As estações de televisão ou de rádio que escolhemos todos os dias são um espaço público. Esse espaço é invisível, está no ar, mas é limitado, o que significa que não se pode abrir infinitas emissoras. Essa restrição torna necessária a presença do Estado para regular e disciplinar a distribuição das concessões, feitas mediante leilões válidos para um determinado período. Na prática, é como se uma pessoa alugasse uma frequência.
Como qualquer contrato de aluguel, há direitos e deveres. Se descumpridos, implicam advertência, multa e até rompimento do vínculo. O Brasil, por enquanto, não discutiu essas regras. Há conceitos apresentados pela Constituição a ser refinados para, caso o inquilino desrespeite o acordo, o locatário – o povo bra-sileiro – poder solicitar de volta o imóvel, ou melhor, a frequência.

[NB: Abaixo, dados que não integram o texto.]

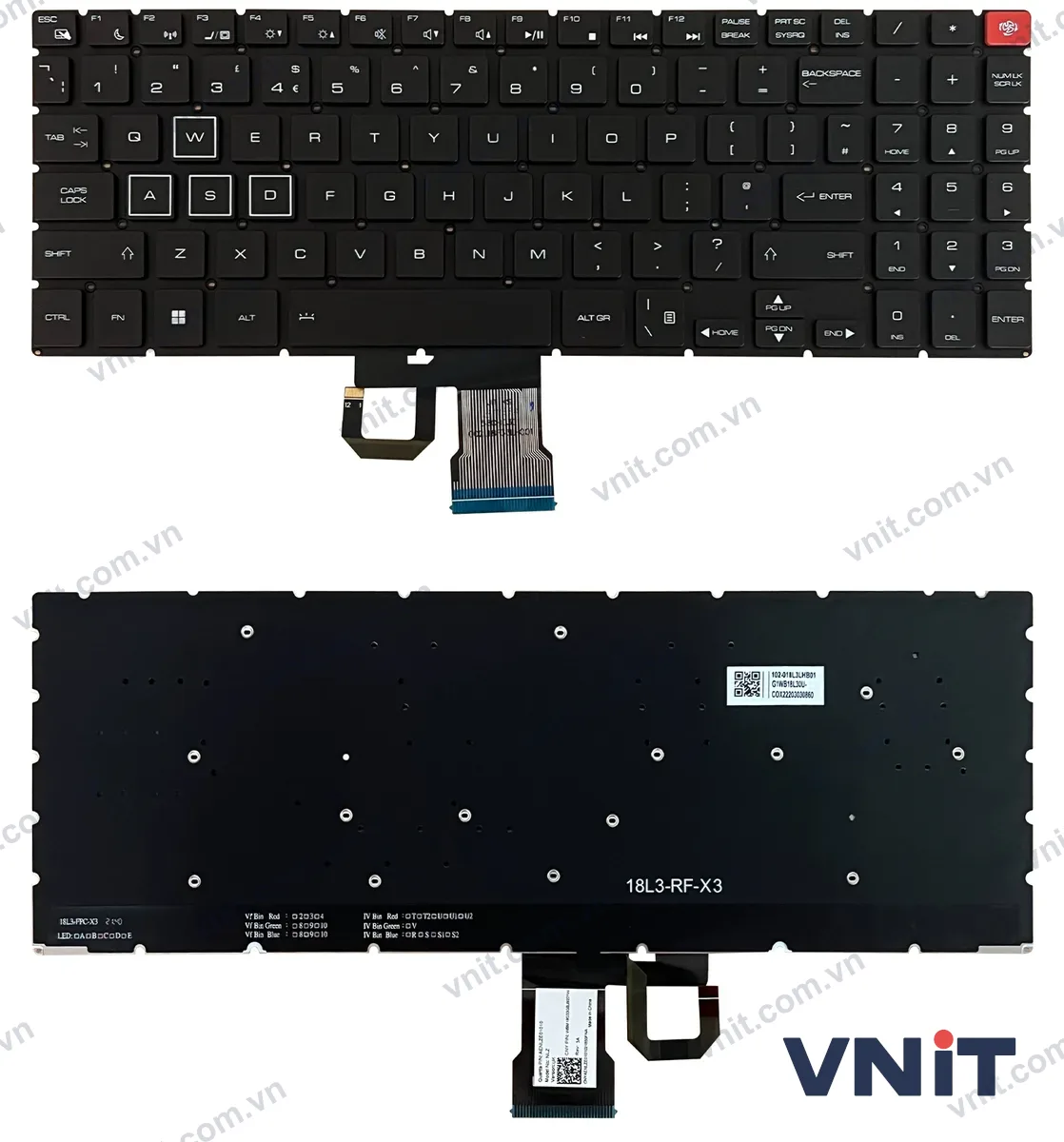 Bàn phím Laptop Gigabyte AORUS 15 G, 15-XA, 15-WA, 15-SA, 15-W9, 15-X9, RGB (Có đèn nền) (Màu đen)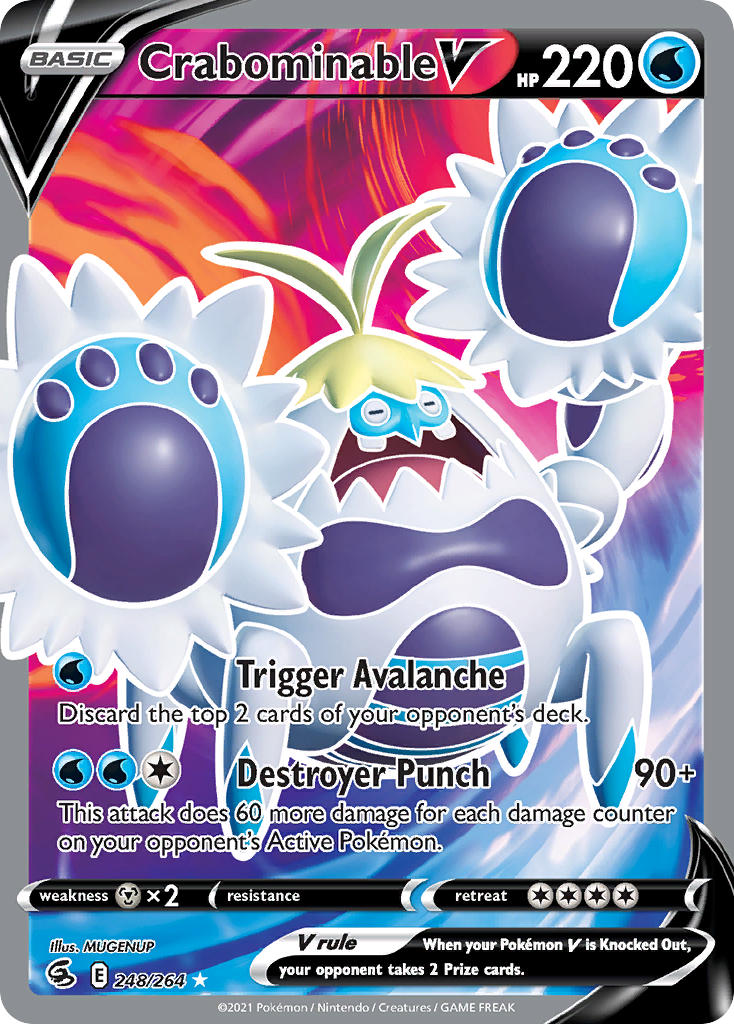 (248/264) Pokemon TCG Fusion Strike Single: Crabominable V Ultra Rare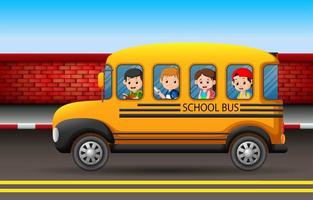 muchos niños en un autobús escolar vector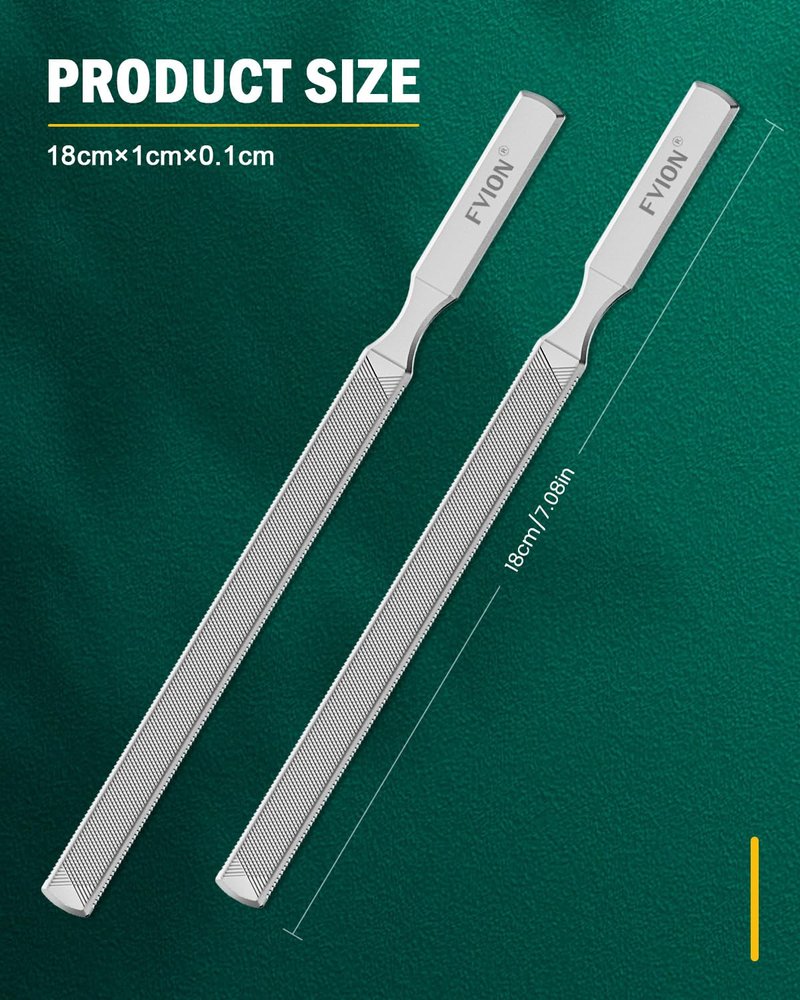FVION 2 PCS Stainless Steel Double-Sided Long Nail File for Thick Nails – Professional Toenail File, Durable and Efficient Nail Care Tool Ideal for Manicure Or Pedicure (Silver)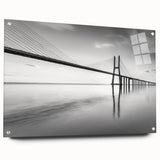Acrylic glass wall art showcasing a modern landscape design of bridges, designed for wall display. The piece features vibrant colors and a sleek side view with visible mounting pins, perfect for enhancing contemporary interiors.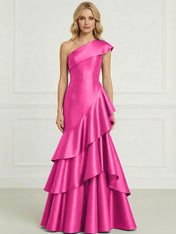 Formal Evening Dress Dark Blue One-Shoulder Satin Tiered Maxi Gown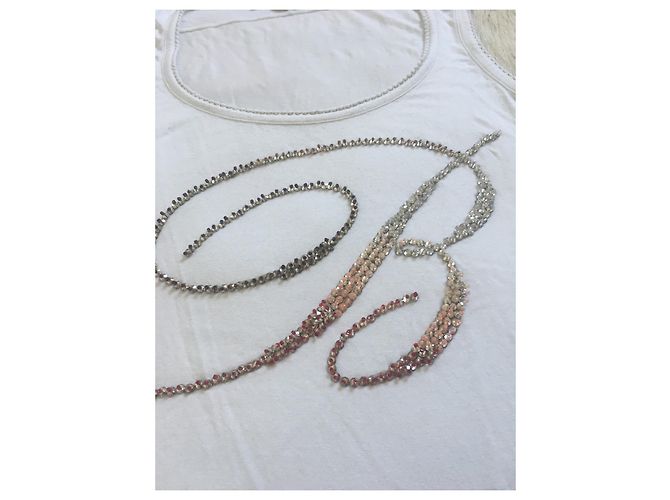 Top Blumarine branco de modal com strass - vista 2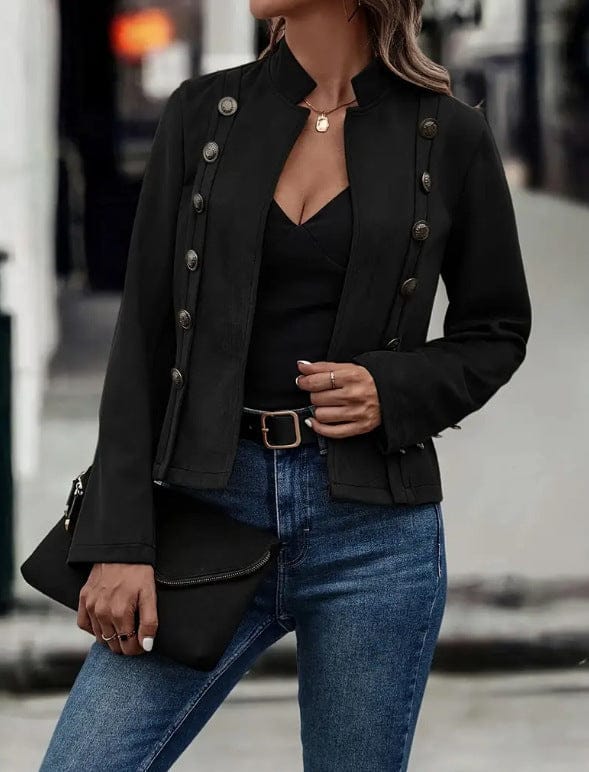 Metal Buckle Velvet Coat - Retro Long-sleeved Style for Timeless Elegance - Image 5
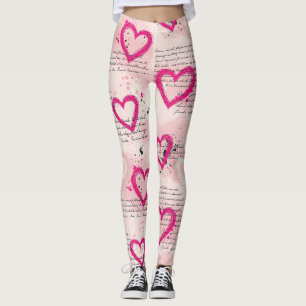 Modern Heart Pattern with Script Background (8) Leggings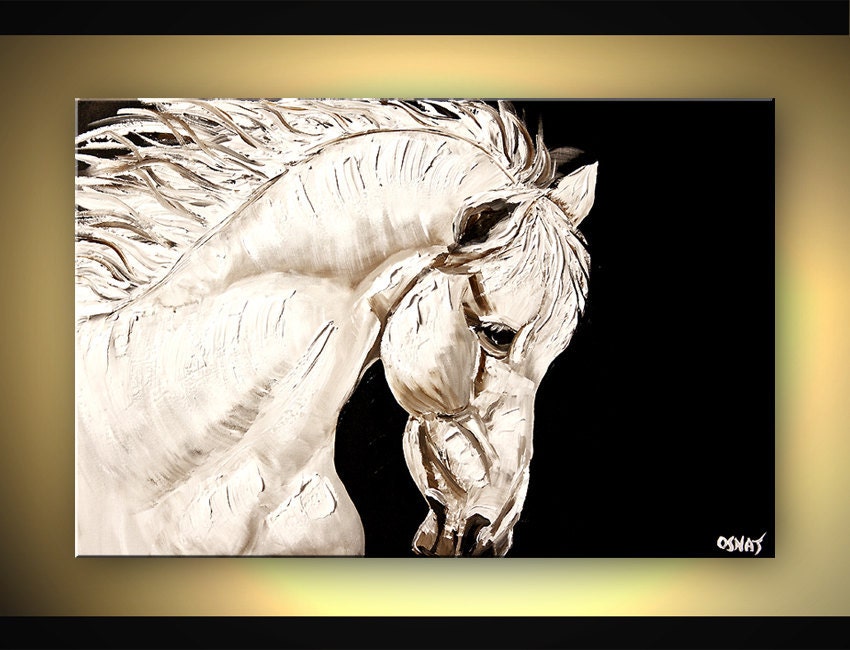 ORIGINAL abstract Black and White Horse Painting Modern Palette Knife Osnat ready to hang 36"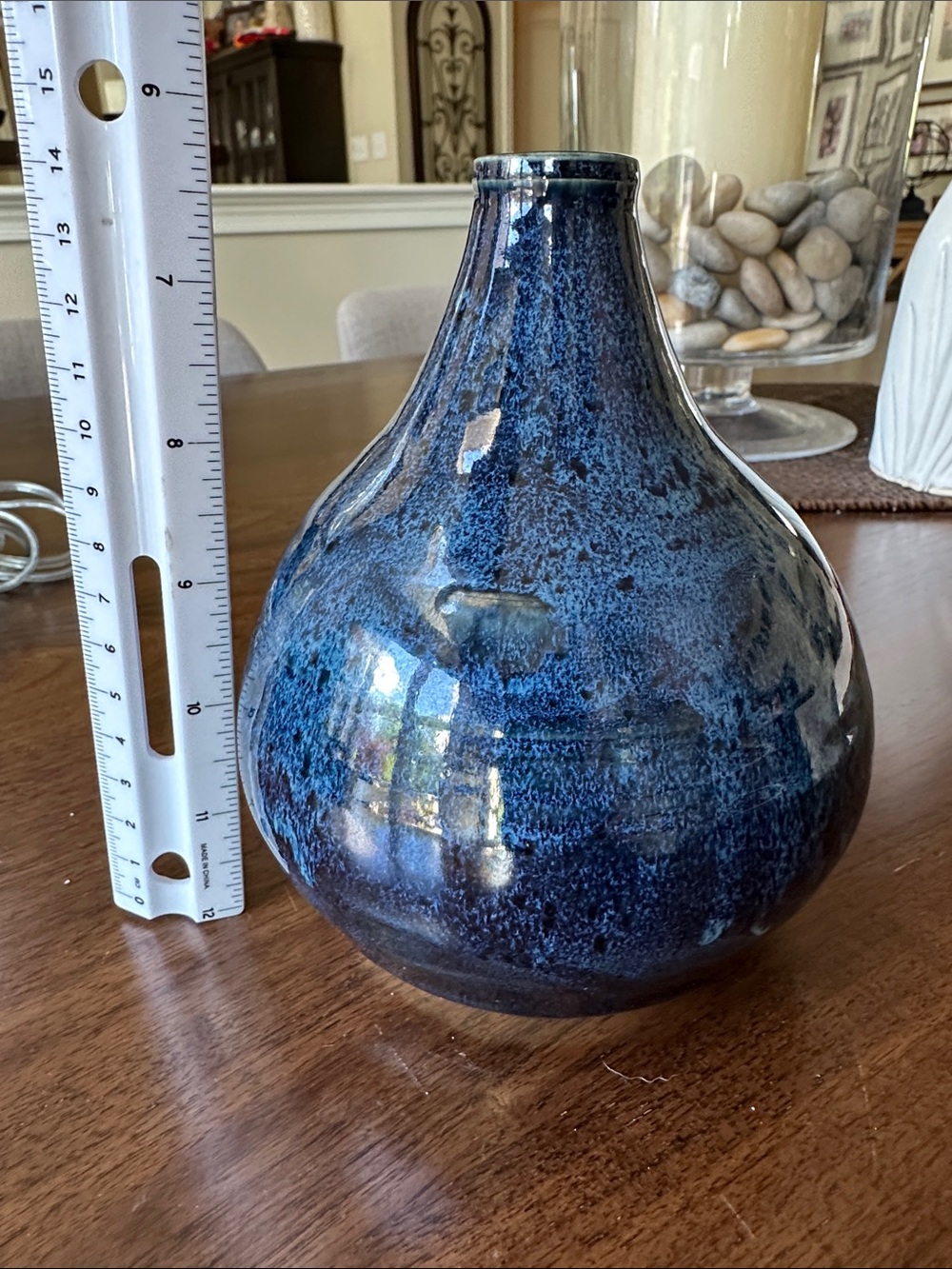 Handcrafted Pottery Deep Blue Ceramic Vase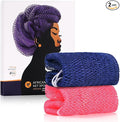KINGMAS African Net Sponge, Authentic Nylon with Knots, 2 Pieces Exfoliating Body Scrubber Bath Sponge, Back Scrubber Washcloth for Shower, Body Care Bathing (Blue & Pink)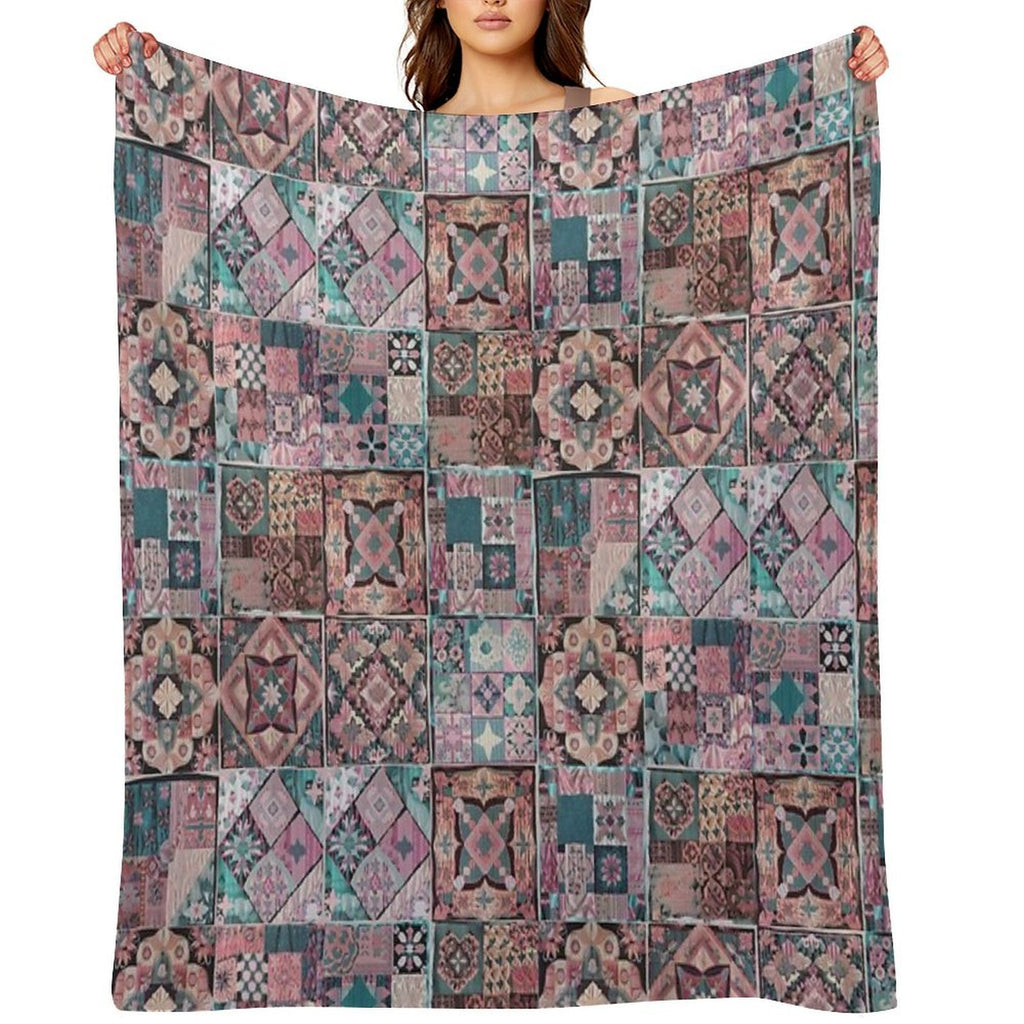 Whimsigoth Quilt Pattern 2025 Vintage (Trans Flag Version)  Stickers Decals DIY CRAFTS Machine-washable Throw Blanket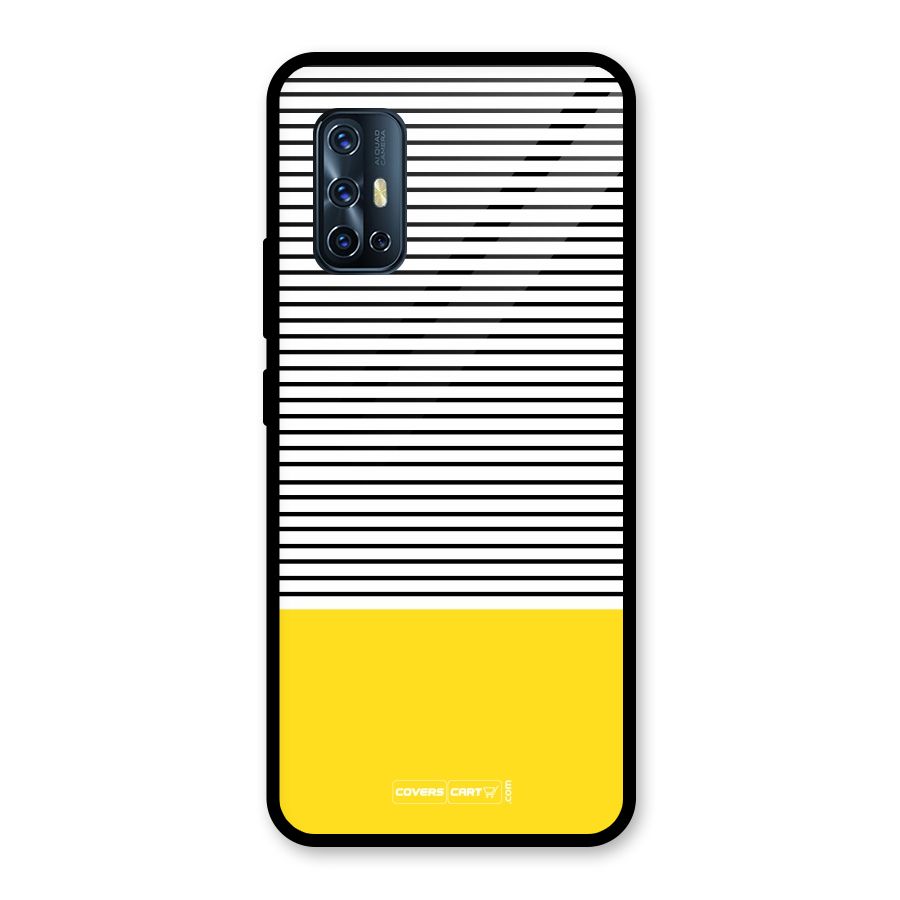 Bright Yellow Stripes Glass Back Case for Vivo V17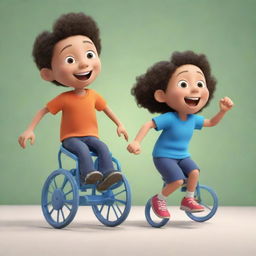 A cartoon image of two children playing; one running gleefully with a ball and the other, a joyful kid in a wheelchair, spinning the wheels fast while simultaneously balancing a ball.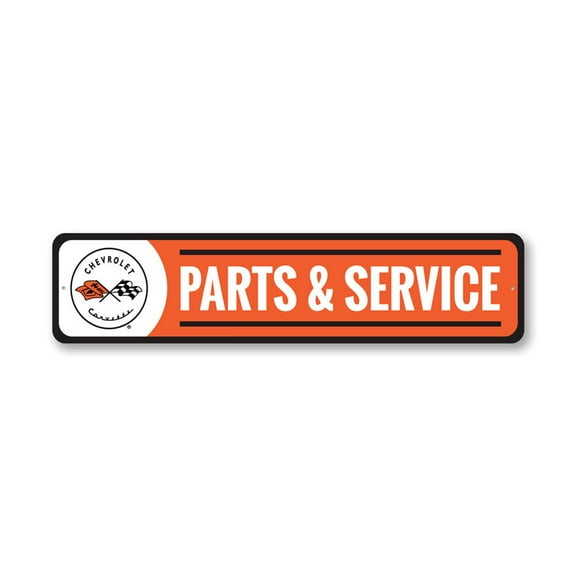 Corvette Parts and Service Chevy Corvette Metal Sign, Novelty Car Sign, Garage Decor - 4x18 inches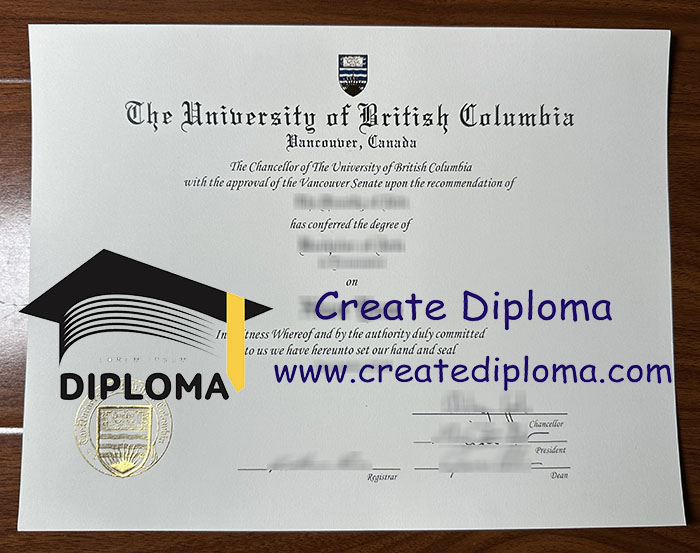 University of British Columbia diploma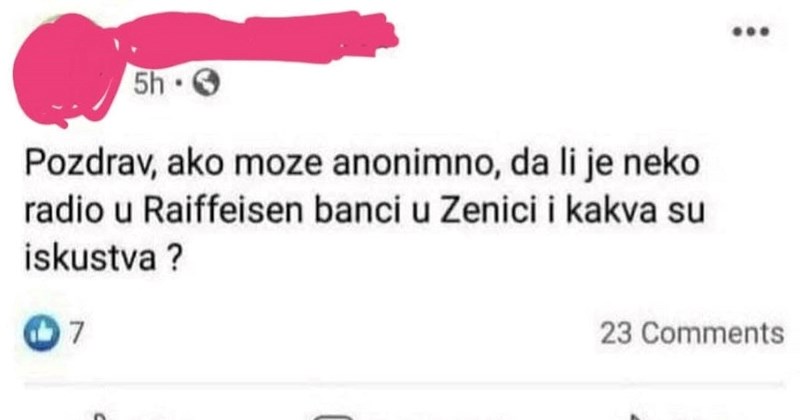 Na FB-u se raspitivala o iskustvima radnika u jednoj banci u BIH, morate vidjeti odgovor ovog tipa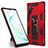 Funda Bumper Silicona y Plastico Mate Carcasa con Magnetico Soporte MQ1 para Samsung Galaxy Note 10 Plus 5G Rojo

O texto constitucional de 1988 diz que o setor não pode ser alvo de monopólio ou oligopólio, mas não estão definidos quais são os parâmetros que configuram essa concentração. Os veículos de rádio e TV devem dar preferência a conteúdos educativos e culturais – porém, sem esmiuçar o que isso significa, a sociedade não tem como cobrar a aplicação.
“O discurso da censura é o discurso dos censores”, lamenta João Brant, do Coletivo Intervozes, atuante na batalha pela democratização da comunicação. “A regulação precisa incidir diretamente sobre a questão do pluralismo e da democracia e garantir que as diferentes vozes e perspectivas fluam ao debate público.”
Assim ficou definido nas nações europeias e nos Estados Unidos, e é desse modo que deseja a Unesco, órgão das Nações Unidas para a educação e a cultura. Toby Mendel, consultor internacional da entidade, lembrou durante um seminário realizado em Brasília em 2010 que liberdade de expressão não é só o direito de ouvir: é o direito de falar. O preceito é reafirmado pela Organização dos Estados Americanos (OEA), que enxerga a comunicação como um direito humano básico, a exemplo da saúde, da educação e da alimentação. Se há conselhos municipais, estaduais e nacionais para discutir essas questões, por que a comunicação ficaria de fora?
Na Argentina, diferentemente da Europa, as concessões sempre estiveram com o setor privado. Sempre esteve evidente que poder e comunicação andam juntos, e rapidamente as frequências de transmissão foram distribuídas entre amigos. “Se há algo claro é que o mercado não assegura pluralismos. Os que não têm dinheiro não falam”, adverte Loreti. Quadro parecido com o brasileiro. As outorgas são de atribuição do Ministério das Comunicações e o governo precisa de apoio no Congresso. Parlamentares querem o seu veículo para controlar o noticiário em sua região.
A organização Transparência Brasil encontrou 52 deputados e 18 senadores associados a empresas concessionárias de comunicação. A renovação das outorgas é atribuição dos parlamentares.
Por essa e por outras, a Constituição prevê que eles não participem de concessões de serviços públicos, para evitar que legislem em causa própria. Em dezembro passado, o Intervozes e o PSOL ingressaram com ação no Supremo Tribunal Federal (STF) para barrar essa situação.